[TASK PROMPT]: Copy every line of the entries that includes the word "waits".

Dataset entries
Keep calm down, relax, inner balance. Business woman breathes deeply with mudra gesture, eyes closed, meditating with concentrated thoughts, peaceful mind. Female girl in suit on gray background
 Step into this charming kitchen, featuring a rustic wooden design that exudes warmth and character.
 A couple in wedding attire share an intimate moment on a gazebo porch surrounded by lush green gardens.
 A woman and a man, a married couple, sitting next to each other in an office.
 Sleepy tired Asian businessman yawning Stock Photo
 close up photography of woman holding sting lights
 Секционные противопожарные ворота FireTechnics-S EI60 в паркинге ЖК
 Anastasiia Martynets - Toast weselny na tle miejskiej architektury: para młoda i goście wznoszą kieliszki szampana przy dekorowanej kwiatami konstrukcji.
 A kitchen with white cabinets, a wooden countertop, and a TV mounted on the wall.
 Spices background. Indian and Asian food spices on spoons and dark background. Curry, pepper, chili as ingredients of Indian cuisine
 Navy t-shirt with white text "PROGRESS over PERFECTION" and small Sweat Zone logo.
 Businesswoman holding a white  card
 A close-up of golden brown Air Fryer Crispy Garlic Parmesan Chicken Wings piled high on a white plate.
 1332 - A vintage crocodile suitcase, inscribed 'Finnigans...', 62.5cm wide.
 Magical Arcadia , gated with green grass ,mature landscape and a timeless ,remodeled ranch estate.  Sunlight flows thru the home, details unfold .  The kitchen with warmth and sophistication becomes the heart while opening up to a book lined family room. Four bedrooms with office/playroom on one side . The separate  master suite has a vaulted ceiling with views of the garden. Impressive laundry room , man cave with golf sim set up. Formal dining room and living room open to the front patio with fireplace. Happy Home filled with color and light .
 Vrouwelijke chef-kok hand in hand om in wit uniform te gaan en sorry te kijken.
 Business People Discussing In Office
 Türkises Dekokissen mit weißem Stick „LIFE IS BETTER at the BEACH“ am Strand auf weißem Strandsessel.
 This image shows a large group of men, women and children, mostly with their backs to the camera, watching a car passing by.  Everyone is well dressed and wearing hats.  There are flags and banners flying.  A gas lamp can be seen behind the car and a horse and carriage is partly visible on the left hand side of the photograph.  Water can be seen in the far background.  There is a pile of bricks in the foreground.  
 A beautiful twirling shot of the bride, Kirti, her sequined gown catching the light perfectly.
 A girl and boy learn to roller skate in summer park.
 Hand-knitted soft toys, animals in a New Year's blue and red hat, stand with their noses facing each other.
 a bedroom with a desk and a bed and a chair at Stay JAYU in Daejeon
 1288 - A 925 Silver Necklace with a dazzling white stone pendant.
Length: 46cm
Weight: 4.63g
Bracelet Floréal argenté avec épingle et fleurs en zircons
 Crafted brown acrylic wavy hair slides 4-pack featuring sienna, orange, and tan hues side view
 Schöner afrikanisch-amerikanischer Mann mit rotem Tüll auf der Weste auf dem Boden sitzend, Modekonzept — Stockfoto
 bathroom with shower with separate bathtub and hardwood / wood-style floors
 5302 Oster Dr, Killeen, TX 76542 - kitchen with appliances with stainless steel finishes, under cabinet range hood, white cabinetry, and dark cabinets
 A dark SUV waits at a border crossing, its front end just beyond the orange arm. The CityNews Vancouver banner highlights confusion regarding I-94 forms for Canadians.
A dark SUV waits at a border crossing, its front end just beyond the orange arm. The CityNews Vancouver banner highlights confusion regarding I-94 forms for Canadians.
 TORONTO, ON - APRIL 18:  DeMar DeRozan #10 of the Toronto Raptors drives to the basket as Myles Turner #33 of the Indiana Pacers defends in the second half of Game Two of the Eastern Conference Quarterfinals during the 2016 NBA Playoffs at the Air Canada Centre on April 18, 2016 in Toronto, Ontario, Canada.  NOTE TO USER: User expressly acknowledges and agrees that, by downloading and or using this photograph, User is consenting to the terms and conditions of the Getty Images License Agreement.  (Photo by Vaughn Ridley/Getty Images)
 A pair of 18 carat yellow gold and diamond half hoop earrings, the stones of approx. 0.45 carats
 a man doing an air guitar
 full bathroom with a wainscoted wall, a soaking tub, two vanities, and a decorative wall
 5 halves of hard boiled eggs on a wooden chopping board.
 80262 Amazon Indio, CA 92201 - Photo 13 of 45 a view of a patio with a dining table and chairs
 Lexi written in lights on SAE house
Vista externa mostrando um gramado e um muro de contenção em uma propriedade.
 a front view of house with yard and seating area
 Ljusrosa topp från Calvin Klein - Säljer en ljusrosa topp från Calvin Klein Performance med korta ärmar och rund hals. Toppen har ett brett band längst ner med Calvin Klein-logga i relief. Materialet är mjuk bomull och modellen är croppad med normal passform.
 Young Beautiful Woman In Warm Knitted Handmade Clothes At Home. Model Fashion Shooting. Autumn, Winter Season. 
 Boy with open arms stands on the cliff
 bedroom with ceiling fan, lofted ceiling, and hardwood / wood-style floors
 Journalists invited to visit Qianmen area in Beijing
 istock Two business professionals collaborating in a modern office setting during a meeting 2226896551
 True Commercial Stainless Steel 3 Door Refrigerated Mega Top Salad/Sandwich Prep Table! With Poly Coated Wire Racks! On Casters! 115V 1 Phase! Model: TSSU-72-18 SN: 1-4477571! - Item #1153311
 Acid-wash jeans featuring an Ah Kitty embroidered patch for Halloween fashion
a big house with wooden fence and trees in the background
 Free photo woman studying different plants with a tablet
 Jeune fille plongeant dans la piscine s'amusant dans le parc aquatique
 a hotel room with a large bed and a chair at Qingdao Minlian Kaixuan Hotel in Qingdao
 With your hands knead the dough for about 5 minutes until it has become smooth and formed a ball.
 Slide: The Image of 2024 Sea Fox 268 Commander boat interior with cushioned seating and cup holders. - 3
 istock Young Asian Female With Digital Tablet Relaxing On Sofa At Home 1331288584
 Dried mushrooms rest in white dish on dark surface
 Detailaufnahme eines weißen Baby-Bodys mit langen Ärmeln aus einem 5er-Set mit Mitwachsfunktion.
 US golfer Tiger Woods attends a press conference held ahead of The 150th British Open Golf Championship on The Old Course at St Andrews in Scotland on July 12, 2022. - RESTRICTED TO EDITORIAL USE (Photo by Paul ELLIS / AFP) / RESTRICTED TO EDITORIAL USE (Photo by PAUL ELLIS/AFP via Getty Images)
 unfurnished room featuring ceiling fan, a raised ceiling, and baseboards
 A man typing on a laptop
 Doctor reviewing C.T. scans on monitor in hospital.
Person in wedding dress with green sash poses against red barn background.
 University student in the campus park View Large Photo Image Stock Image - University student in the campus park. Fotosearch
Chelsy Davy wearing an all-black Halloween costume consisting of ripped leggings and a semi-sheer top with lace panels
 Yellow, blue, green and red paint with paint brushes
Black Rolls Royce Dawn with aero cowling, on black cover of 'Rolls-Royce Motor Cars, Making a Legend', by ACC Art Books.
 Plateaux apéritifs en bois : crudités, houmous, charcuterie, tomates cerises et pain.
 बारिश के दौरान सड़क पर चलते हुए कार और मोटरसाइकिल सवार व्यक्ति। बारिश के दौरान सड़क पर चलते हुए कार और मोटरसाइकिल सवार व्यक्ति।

[EXERCISE ANSWER]:
 A dark SUV waits at a border crossing, its front end just beyond the orange arm. The CityNews Vancouver banner highlights confusion regarding I-94 forms for Canadians.
A dark SUV waits at a border crossing, its front end just beyond the orange arm. The CityNews Vancouver banner highlights confusion regarding I-94 forms for Canadians.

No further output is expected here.